Nantwich's Mel Leverton who's receiving palliative care for cancer and is now raising awareness to ensure cancer is spotted early. Pictured with her partner. (Photo: Mel  Leverton)
Nantwich's Mel Leverton who's receiving palliative care for cancer and is now raising awareness to ensure cancer is spotted early. Pictured with her partner. (Photo: Mel Leverton)

For six years, Mel Leverton was reassured that her neck and shoulder pain was simply a trapped nerve caused by collapsed vertebrae.

Scans were taken, consultations happened, surgery was offered but nobody spotted the pear-shaped tumour growing silently in her shoulder - until it had reached 14 centimetres and attached itself to her heart and lungs.

By the time the 54-year-old from Nantwich finally received her sarcoma diagnosis in June 2024, the rare cancer had advanced and surgery was no longer an option.

Mel in hospital with her family. (Photo: Sarcoma UK/Mel Leverton)

Now receiving palliative care, Mel is channelling her energy into raising awareness so other patients don't slip through the cracks of a system that repeatedly missed the signs.

Mel had been seeing a spinal consultant for her pains. Scans taken over the six years had suggested that collapsed vertebrae in her neck had caused a trapped nerve.

Early in 2024, she was told she could either live with the pain or have an operation on the vertebrae. Mel – who had been losing weight and had trouble sleeping due to the problem - opted for surgery and went on a waiting list.

In June last year, she had a new consultant who told Mel he wanted a new MRI scan taken. Afterwards, Mel was given the news that the scan had found a pear-shaped mass in her shoulder attached to her heart and lungs that was 14cm in diameter.

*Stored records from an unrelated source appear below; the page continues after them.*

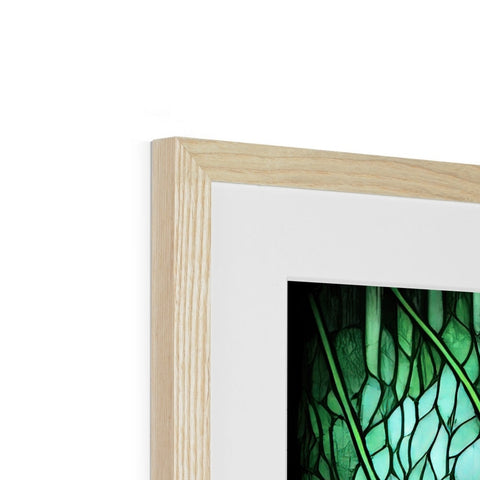 A photo frame with a wooden wood frame sits on a window sill.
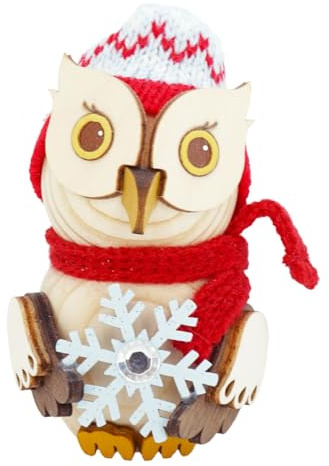 Kuhnert - Dekoration/Holzfigur - Mini Eule mit Schneekristall - Größe: ca. 7cm - Made in Germany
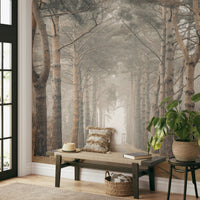 Woodland wall mural with soft green tones

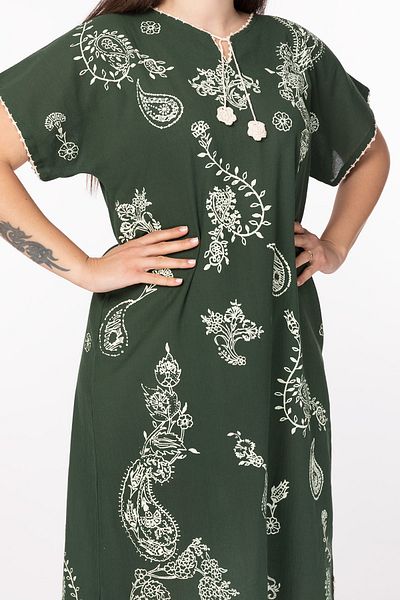 Kardelen Butik Ümraniye Short Sleeve Khaki Green Şilebezi Dress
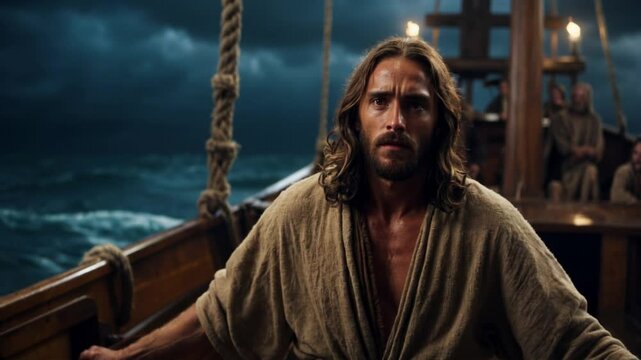 Jesus with his disciples in the middle of the sea, christian footage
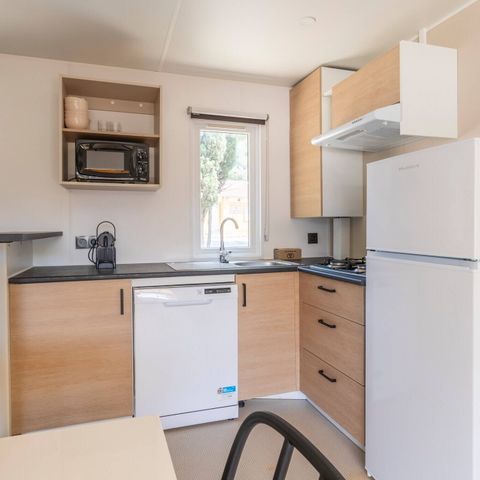 Mobilheim 6 Personen - Mobilheim | Premium | 3 Zi. | 6 Pers. | Hochterrasse | 2 Bäder | Klimaanlage | TV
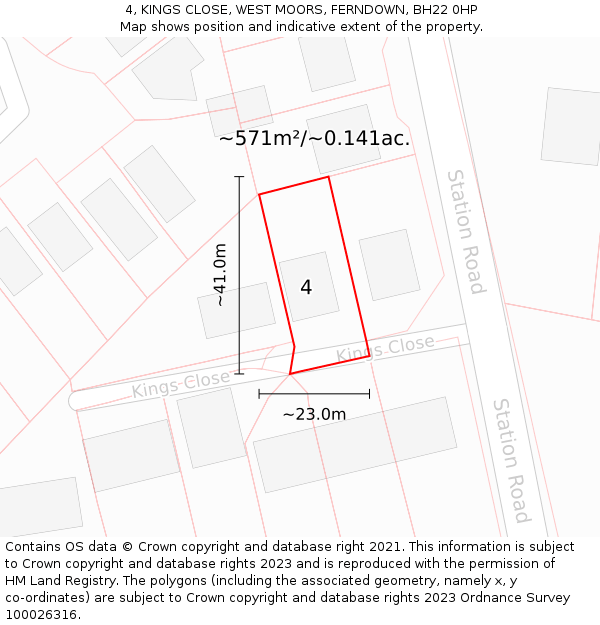 4, KINGS CLOSE, WEST MOORS, FERNDOWN, BH22 0HP: Plot and title map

Mel and her daughter. (Photo: Sarcoma UK)

"This was a massive shock," she said. A biopsy took place and Mel was told she had a soft tissue sarcoma. There was no visible lump as the tumour was concealed in her shoulder. With surgery ruled out due to the location of the tumour, Mel began chemotherapy at the Royal Stoke Hospital in Staffordshire that October. In addition, a smaller tumour was found at the top of her abdomen.

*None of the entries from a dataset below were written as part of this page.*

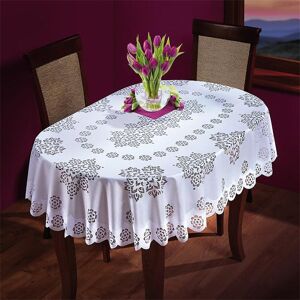 Fleur De Lis Living Oval Tablecloth White (130Cm X 170Cm) Fleur De Lis Living Oval Tablecloth White (130Cm X 170Cm)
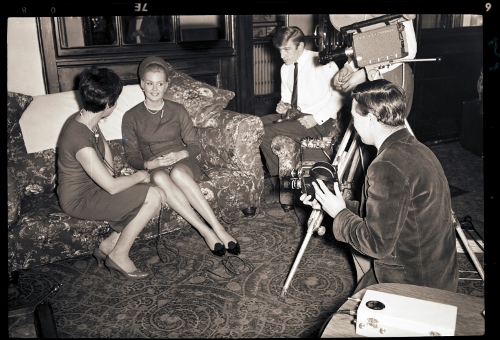 Photograph of Lesley's interview with the press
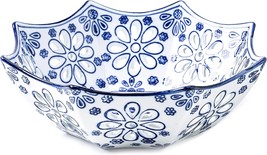 Blue and White Decorative Bowl, Blue Fruit Bowl, Berry Bowl - £41.92 GBP
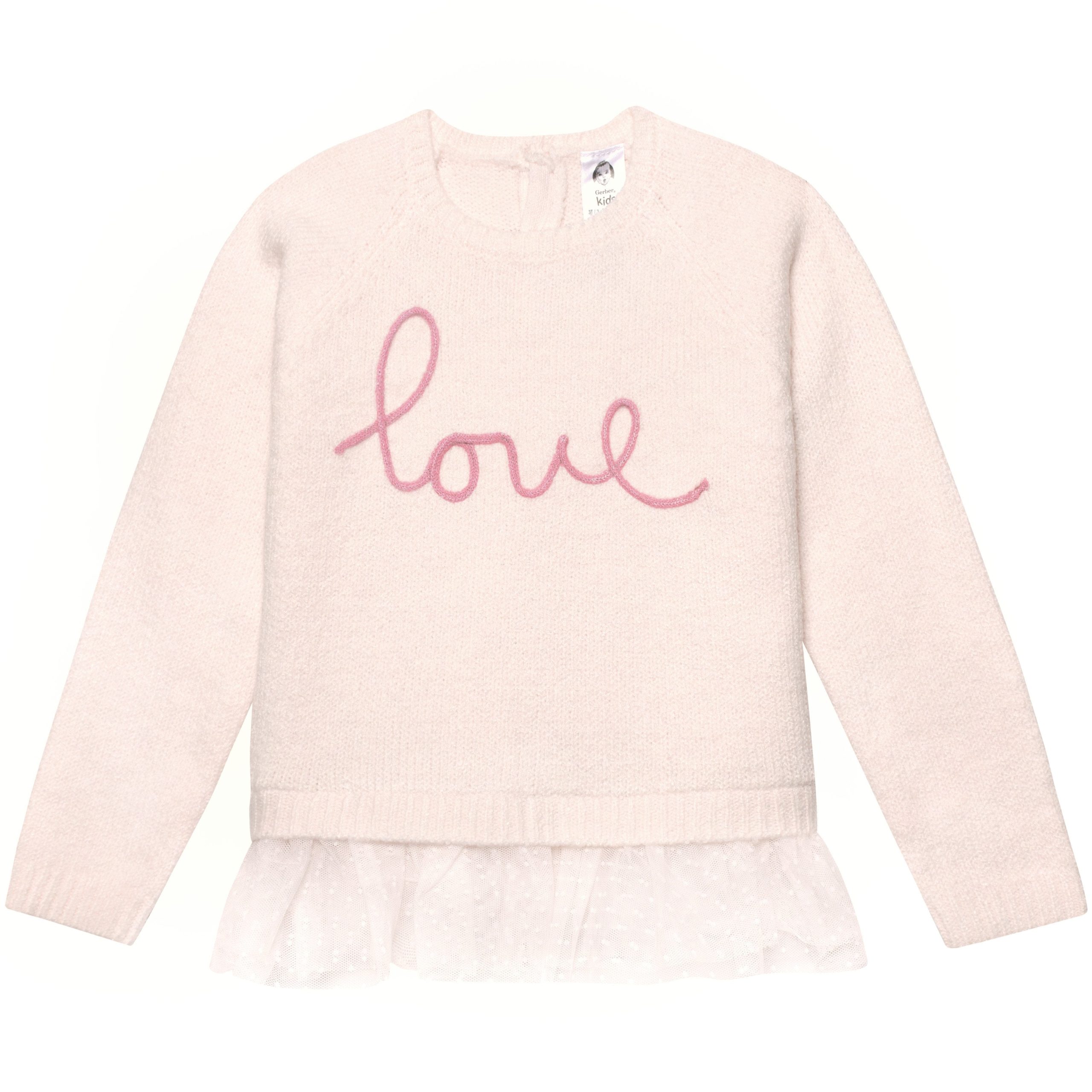 Infant & Toddler Girls Light Pink Sweater With Tulle Trim - Image 4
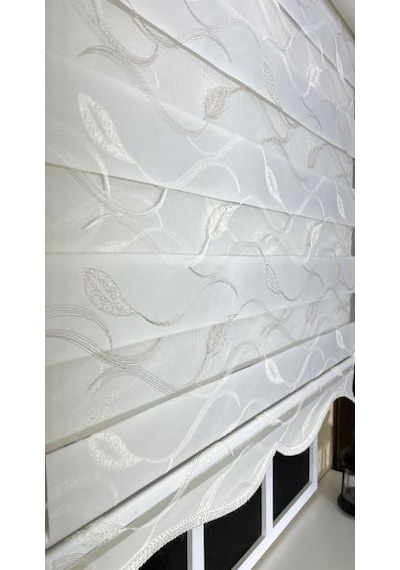 Storburada Zebra Stor Nakışlı Ekru Etek Dilimli St 123 Ekru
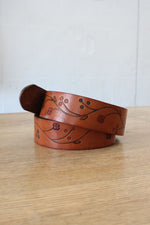 Floral Etched Leather Belt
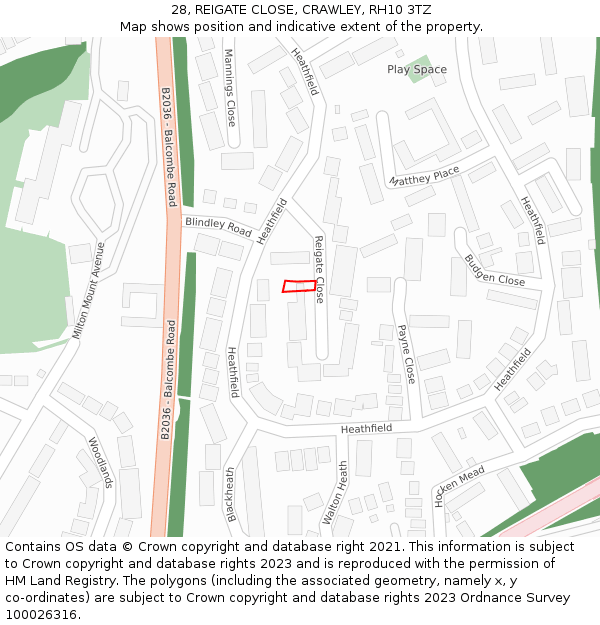 28, REIGATE CLOSE, CRAWLEY, RH10 3TZ: Location map and indicative extent of plot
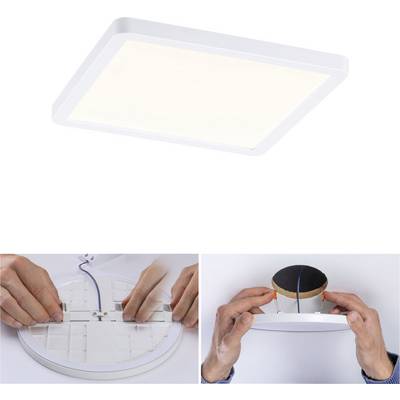 The illustration shows a square LED ceiling light and two installation steps: cable connection and fixture mounting on the ceiling.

She had chemotherapy every 21 days until the end of March 2025. After a three-month break, she resumed a new chemotherapy treatment, which is continuing.

Despite her ordeal, she remains upbeat. "I'm a strong ox, a glass half-full type of person," she said. A product line co-ordinator with Bentley Motors, she has been able to work from home all the way through her treatment.

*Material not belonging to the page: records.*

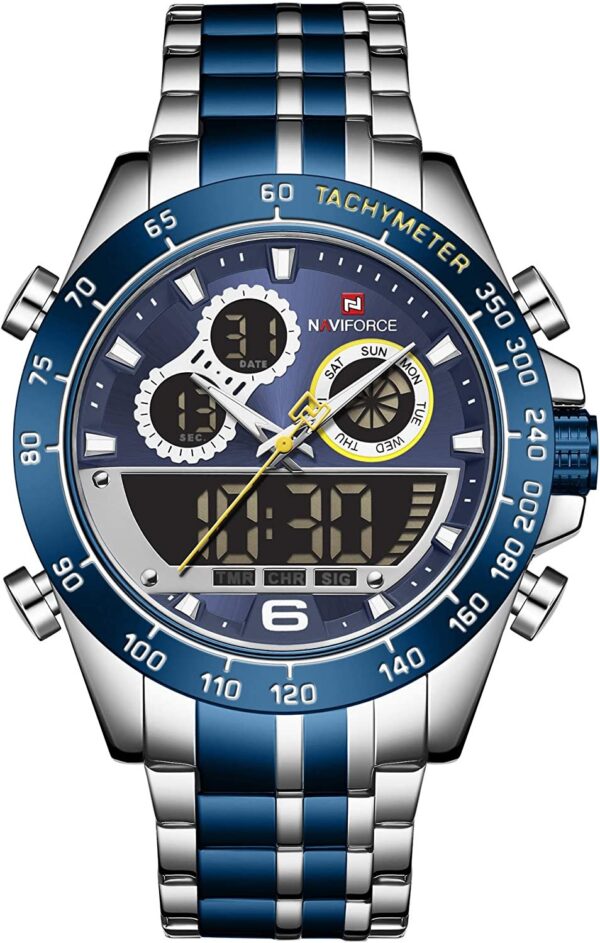 NAVIFORCE Mens Analog Digital Sport Watches Waterproof Multifunction Chronograph Silicone Strap Watch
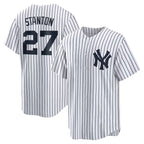 New York Yankees #27 Giancarlo Stanton White Puhics Home Replica Player Name Jersey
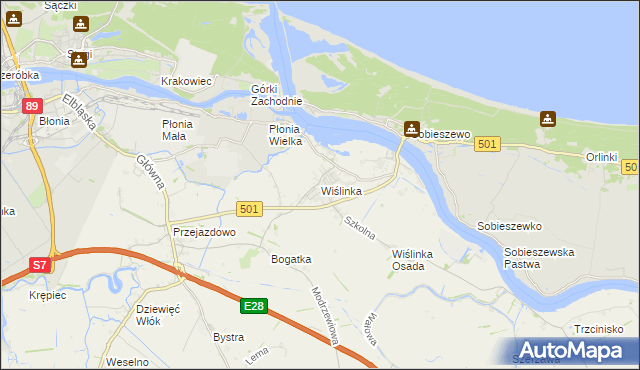 mapa Wiślinka, Wiślinka na mapie Targeo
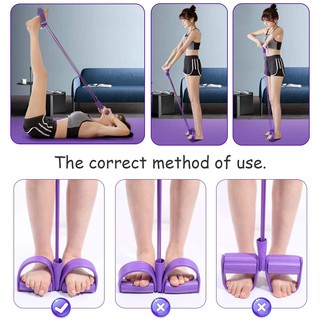 Dây Kéo Đàn Hồi 4 Ống Cao Su Yoga, Bàn Đạp Chân Dụng Cụ Tập GYM Thể Dục Chính Hãng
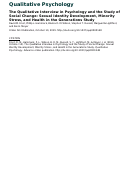 Cover page: The Qualitative Interview in Psychology and the Study of Social Change: Sexual Identity Development, Minority Stress, and Health in the Generations Study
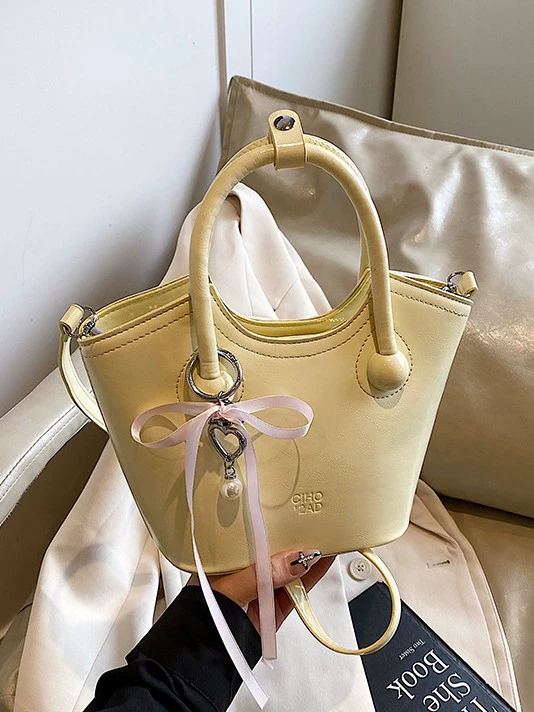 Compact summer handheld small bag, city style, top handle and shoulder strap, with/without pendant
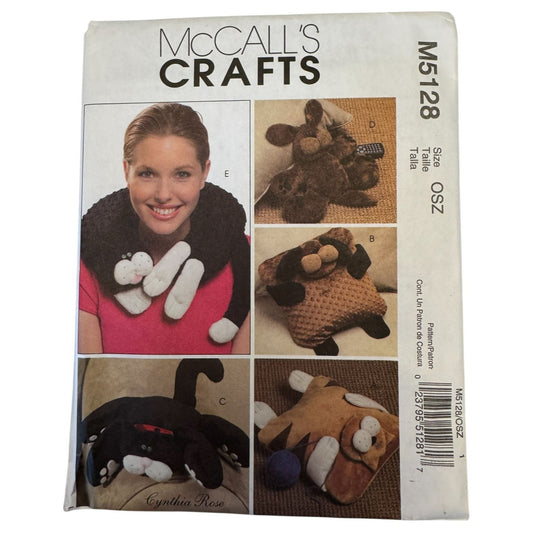 McCalls Crafts Sewing Pattern M5128 Plush Pets Cat Neck Pillow Dog Travel Uncut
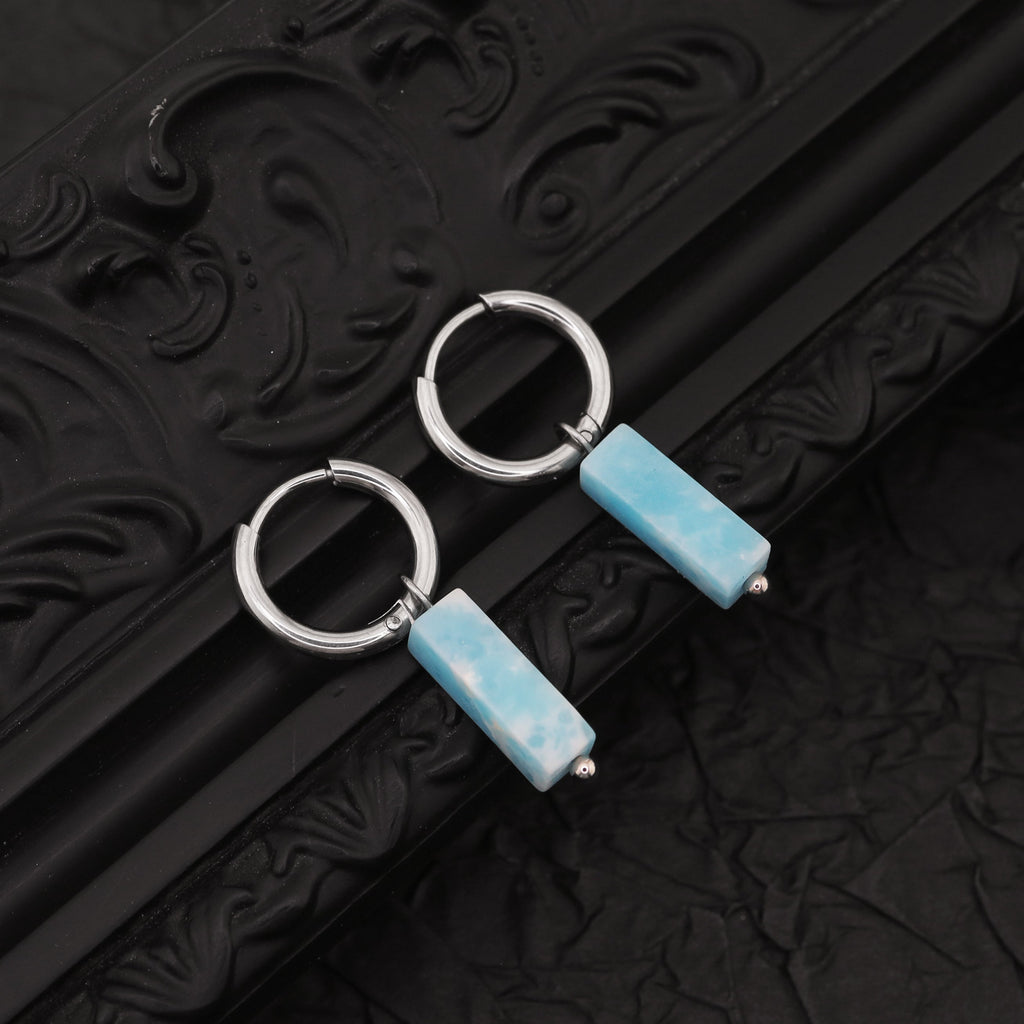 Eastern Aesthetics - Blue Jade Titanium Pendant Ear Ring - Eastern Aesthetics - Blue Jade Titanium Pendant Ear Ring - Single / 8mm by CRUXJEWELRY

But she can't help wondering that if her sarcoma had been spotted earlier she would have been able to have it surgically removed.

Through it all, she has been supported by her partner and two grown-up children and has also found fundraising for charity Sarcoma UK has given her something to focus on.

A recent coffee morning at Richmond Villages care home in Nantwich raised £2,000 and a Christmas quiz is planned for the same venue.

"I want to promote more awareness and specifically more training for doctors on spotting the symptoms of sarcoma. If my tumour had been spotted earlier, something might have been done before it got to this size."

Helen Stradling, Sarcoma UK's Support Line Manager, said: "Mel's story shows just how challenging sarcomas can be to diagnose - they sometimes hide deep in the body with symptoms that can easily be mistaken for more common conditions.

"By the time they're detected, as in Mel's case, treatment options can be severely limited and patients may face palliative care rather than curative treatment.

"That's why raising awareness is so important, and we're incredibly grateful to Mel for her dedication to fundraising and helping others understand the signs. Her determination to turn her experience into something positive for other patients is really inspiring."